IBOA demands comprehensive talks with Government on banking crisis
Issued : 15 April 2011
IBOA The Finance Union is seeking urgent and intense engagement with the special Cabinet sub-committee on employment - following AIB's announcement of over 2,000 job losses earlier this week and the broad approach to Irish banking outlined by the Minister for Finance recently.
IBOA General Secretary Larry Broderick told over 150 delegates to the Union's Biennial Delegate Conference in Croke Park today (Friday) that the job losses proposed for AIB alone would be the equivalent of a major multi-national company pulling out of Ireland: with further redundancies likely in other institutions in the coming months.
"In any other circumstance, the response to such a catastrophe would be an employment task force to explore alternative employment opportunities, training initiatives, counseling and other services. But so far the silence from Government has been disappointing for us as a trade union and unnerving for our members.

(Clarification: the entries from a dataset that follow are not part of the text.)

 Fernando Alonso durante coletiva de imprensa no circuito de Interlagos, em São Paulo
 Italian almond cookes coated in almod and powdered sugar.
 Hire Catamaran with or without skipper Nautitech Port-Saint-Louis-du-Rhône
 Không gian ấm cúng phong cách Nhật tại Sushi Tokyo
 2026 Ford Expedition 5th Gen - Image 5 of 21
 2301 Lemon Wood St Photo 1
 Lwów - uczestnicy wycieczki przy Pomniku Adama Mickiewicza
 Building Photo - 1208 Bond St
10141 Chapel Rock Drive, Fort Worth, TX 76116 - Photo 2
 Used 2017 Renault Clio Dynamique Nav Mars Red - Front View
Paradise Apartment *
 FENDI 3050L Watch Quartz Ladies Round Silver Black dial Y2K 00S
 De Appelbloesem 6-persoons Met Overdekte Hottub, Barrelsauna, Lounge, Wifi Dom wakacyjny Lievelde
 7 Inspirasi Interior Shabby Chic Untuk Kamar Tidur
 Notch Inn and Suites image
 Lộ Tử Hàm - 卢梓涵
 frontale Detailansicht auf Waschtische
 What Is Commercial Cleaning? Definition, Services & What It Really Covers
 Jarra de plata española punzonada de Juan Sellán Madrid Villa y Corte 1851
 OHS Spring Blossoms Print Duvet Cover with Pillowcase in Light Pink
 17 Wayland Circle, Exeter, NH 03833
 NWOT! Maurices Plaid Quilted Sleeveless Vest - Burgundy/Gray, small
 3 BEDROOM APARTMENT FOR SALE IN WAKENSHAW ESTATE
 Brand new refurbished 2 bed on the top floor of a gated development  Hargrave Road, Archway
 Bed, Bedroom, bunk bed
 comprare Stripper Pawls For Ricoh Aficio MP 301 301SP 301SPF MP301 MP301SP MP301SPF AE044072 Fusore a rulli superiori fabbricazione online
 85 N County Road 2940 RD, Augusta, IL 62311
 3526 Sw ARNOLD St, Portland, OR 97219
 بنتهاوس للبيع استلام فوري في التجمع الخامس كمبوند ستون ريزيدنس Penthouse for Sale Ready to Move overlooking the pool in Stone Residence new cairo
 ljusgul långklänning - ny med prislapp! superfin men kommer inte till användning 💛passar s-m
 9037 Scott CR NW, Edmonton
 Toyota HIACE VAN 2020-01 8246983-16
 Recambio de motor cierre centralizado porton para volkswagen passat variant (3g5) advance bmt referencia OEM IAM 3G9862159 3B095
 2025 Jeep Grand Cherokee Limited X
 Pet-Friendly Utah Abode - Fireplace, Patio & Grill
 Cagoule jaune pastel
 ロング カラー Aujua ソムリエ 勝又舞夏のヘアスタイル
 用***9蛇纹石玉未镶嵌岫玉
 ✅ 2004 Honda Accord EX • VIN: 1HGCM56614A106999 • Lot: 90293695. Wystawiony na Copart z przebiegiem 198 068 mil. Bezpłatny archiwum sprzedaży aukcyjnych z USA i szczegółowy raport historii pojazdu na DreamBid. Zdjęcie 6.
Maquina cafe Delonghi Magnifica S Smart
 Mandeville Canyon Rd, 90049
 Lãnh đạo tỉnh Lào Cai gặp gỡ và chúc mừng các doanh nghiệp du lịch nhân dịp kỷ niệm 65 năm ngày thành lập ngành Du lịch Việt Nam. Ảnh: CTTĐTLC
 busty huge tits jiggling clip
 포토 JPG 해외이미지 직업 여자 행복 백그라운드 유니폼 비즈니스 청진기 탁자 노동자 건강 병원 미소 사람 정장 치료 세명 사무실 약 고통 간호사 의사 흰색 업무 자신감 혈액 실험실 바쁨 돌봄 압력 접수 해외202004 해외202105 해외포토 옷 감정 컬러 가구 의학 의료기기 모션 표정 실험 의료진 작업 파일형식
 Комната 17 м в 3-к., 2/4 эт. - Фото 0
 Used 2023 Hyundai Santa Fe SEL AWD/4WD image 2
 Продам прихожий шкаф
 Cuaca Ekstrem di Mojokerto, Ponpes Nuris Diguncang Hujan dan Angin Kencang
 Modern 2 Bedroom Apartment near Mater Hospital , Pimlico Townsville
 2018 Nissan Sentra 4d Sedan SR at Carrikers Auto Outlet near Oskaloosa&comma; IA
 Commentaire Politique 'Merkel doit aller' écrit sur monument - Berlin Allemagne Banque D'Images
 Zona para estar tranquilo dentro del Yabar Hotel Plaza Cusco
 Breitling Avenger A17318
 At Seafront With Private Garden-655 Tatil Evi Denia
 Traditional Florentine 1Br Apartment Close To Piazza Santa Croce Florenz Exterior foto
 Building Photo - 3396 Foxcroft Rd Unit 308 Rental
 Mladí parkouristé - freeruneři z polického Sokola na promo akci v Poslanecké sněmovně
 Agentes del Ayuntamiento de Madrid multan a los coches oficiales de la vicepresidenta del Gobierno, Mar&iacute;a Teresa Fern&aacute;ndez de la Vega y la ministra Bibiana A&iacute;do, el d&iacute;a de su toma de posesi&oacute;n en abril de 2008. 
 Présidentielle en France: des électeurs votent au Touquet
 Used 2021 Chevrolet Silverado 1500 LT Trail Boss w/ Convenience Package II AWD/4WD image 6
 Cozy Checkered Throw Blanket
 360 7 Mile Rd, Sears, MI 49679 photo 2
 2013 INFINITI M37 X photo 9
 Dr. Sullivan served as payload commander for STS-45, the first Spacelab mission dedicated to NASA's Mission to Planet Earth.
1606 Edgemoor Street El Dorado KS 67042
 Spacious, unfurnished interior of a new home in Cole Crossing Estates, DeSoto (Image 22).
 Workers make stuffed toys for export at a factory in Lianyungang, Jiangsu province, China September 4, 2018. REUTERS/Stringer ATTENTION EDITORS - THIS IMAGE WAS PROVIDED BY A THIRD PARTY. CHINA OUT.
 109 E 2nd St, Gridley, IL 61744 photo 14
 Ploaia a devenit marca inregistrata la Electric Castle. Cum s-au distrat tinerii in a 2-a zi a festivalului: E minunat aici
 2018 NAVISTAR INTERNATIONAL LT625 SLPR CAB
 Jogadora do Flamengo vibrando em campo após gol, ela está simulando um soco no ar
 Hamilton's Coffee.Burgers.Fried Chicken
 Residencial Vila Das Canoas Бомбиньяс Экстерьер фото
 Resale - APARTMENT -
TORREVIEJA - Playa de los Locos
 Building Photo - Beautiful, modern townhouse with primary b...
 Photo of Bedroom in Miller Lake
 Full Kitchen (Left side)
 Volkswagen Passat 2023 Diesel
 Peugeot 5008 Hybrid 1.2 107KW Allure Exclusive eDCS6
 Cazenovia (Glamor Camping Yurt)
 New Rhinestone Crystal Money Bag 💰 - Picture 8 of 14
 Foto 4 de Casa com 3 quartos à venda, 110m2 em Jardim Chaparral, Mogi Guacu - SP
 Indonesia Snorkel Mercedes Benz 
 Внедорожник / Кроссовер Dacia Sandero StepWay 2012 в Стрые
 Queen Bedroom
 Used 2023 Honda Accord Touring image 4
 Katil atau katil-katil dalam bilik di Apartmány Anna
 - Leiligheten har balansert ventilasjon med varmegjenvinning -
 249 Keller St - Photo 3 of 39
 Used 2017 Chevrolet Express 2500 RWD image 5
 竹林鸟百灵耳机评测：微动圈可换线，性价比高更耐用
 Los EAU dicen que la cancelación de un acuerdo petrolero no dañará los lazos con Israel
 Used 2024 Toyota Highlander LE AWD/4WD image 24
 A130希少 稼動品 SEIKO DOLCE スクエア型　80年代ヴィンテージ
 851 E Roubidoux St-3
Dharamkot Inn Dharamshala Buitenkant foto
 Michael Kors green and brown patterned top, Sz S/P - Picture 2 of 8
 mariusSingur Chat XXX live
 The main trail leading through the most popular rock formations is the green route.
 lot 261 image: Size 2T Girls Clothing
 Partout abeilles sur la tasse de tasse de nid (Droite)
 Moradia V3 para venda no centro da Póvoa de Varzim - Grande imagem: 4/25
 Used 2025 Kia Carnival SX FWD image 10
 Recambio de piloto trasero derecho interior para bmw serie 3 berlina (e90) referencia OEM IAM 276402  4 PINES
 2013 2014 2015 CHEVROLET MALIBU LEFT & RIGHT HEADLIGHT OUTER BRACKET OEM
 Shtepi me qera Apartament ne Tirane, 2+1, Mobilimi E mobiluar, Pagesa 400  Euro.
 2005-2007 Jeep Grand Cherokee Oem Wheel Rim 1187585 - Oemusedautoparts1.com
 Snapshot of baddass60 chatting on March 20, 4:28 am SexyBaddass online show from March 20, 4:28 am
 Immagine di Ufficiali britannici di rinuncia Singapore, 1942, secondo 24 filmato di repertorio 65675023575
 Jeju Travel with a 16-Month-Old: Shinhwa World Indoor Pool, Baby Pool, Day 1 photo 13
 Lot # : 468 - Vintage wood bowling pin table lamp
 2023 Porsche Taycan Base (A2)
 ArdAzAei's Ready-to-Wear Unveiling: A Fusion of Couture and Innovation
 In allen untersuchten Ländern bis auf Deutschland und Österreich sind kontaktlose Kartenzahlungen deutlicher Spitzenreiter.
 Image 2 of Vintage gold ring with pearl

"I hope that this situation will be rectified when we meet the Minister for Finance and the Tánaiste in the near future. But we also believe that a more wide-ranging engagement with Government is necessary to reflect upon the profound implications of what lies ahead for our members - especially since it comes on top of over 7,000 job losses in the financial service sector in the last two years.
Outlining "A Vision for A Change" in the financial services sector, Mr. Broderick called for a tripartite agreement between Government, employers and staff to underpin the change agenda. He also urged the implementation of new corporate governance structures to improve diversity of representation on the boards of major financial institutions - as well as higher standards of probity.
"Recent experience also indicates a pressing need for strong legal protection for whistleblowers - and a major change in the operating culture in financial institutions towards service-driven goals rather than the narrow pursuit of profit maximisation. Perhaps if these elements had been in place years ago - as IBOA demanded at the time - then many of the problems now confronting this industry and this country would have been avoided," he said.
Other elements of the vision outlined by Mr. Broderick include a stronger emphasis on regulation and the clarification of the role of foreign-owned banks - especially in view of the likely reduction in the number of domestic institutions to two.
The Union is also seeking the amendment of the emergency banking legislation - which was introduced in the Republic just before Christmas. IBOA wants change to this law to ensure that the employment protection afforded to workers in other sectors is restored to workers in the financial services sector.